Of course, the defense lawyer wants the jury to hear that our biker client didn’t have an “M” endorsement. The true goal of that desire is to paint the biker in a bad light, a rule breaker, someone who doesn’t care to abide by the same laws that all the “rest of us”, meaning the jury, abide by. Our argument has always been, whether the biker has a series of black dots forming the letter “M” on a plastic card inside a wallet inside the biker’s pocket isn’t relevant as to who is at fault and what the resulting injuries to the biker were. We have consistently won that issue and in most cases we have taken to the jury, the jury was never allowed to hear that biker didn’t have an “M” endorsement. The idea being that the prejudice of admitting such evidence outweighs the probative value of the evidence. That is the standard by which a judge must decide the admissibility of evidence and we have been very successful in keeping this evidence away from the jury. Interestingly, in talking with many other firms, we have been uniquely successful in this regard, as I have talked to many other lawyers frustrated by the fact that the jury got to hear about their clients’ lack of an “M” endorsement. Personally, I believe it would be very bad for a jury to hear this, and take a lot of extra work, and distract from the real issue of how badly hurt the biker was. As the old saying goes, “Liability is the defense lawyer’s sandbox”, meaning the more time you spend focusing the jury on liability issues and blameworthy conduct on the part of the biker, the more the case becomes a judgement about the biker rather than an evaluation of the biker’s harms and losses.
We had one extremely difficult case in particular, where the judge decided to admit the lack of an “M” endorsement as the judge found it was relevant to the issue of the rider’s experience. It was a case where speed was alleged on the part of the rider, and the defense very effectively argued that speed wasn’t the issue, so much as the lack of judgment, caused by a lack of experience, was what led to the speed to begin with. It was a very effective argument.

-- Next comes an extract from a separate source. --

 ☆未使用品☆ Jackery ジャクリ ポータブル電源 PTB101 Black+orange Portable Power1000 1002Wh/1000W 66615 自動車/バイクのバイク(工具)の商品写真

In that particular case, we had to take the matter to trial TWICE. The first time, the defense lawyer deliberately caused a mistrial because things were not going very well for him, and he caused the mistrial after seeing and hearing our entire presentation to the jury. So he got to see a preview of our strategy to more effectively prepare for the next trial. At the second trial, we focused very heavily on the rider’s experience and just had him explain why he never made time to go get the endorsement. That case settled for a very strong 7 figure amount while the jury was deliberating following the second trial. And taught us a very valuable lesson about focusing on rider experience.
We learned the other end of that lesson at the very next motorcycle accident case we tried to a jury. There, we wanted to hammer on the rider’s experience because we thought based on the immediate prior trial that it was an issue the jury really would care about. We overplayed the experience in that case, talking about his training to get an “M” endorsement, his amateur road racing license, and his years of street and track experience. In that case, the jury penalized our client saying that since he had such significant experience, he should be reacted better to a car making a sudden and unexpected left turn in front of him. We still got him a mid-six figure outcome, but it would have been more but for the jury’s decision in that regard.

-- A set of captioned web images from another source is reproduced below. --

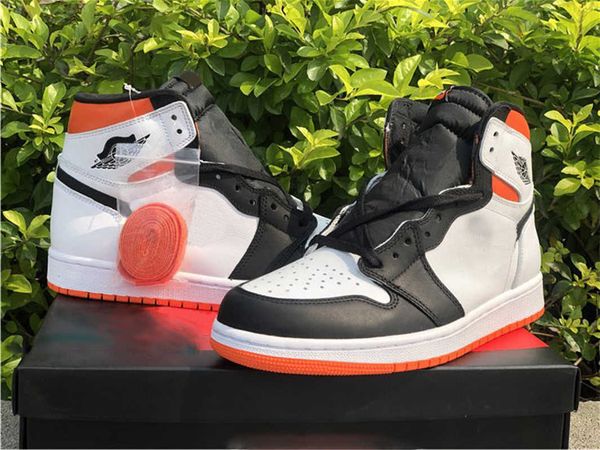

brand shoes authentic 1 electro orange 1s men outdoor white orange sports sneakers original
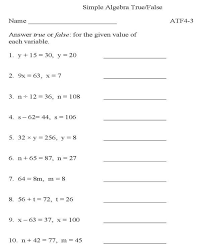 pre algebra 7th grade math worksheets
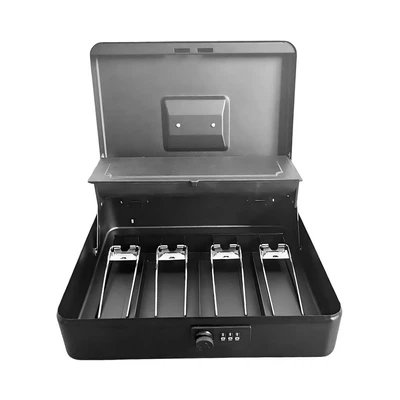 Gambar Odi Cash Box Dengan Tempat Koin 30x24x9 cm - Hitam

Those were very valuable lessons we learned early on, back in the 90’s. Nowadays we have a very effective, trial tested group of experts that Damon rides and races with, who are also very high end riding coaches, and very effective speakers, that communicate about these subtle, but important issues, to the jury. With one recent exception, we have not dealt with a defense lawyer who was able to really contest or even anticipate this sort of expert testimony.
Bottom line, the lack of an “M” endorsement is a serious trial issue that we have developed a unique and solid approach to dealing with over the 27 years our firm has been handling these sort of cases. Don’t let it be a deterrent to your pursuit of an injury case, just make sure you talk to a lawyer that has a solid game plan and significant experience dealing with the issue.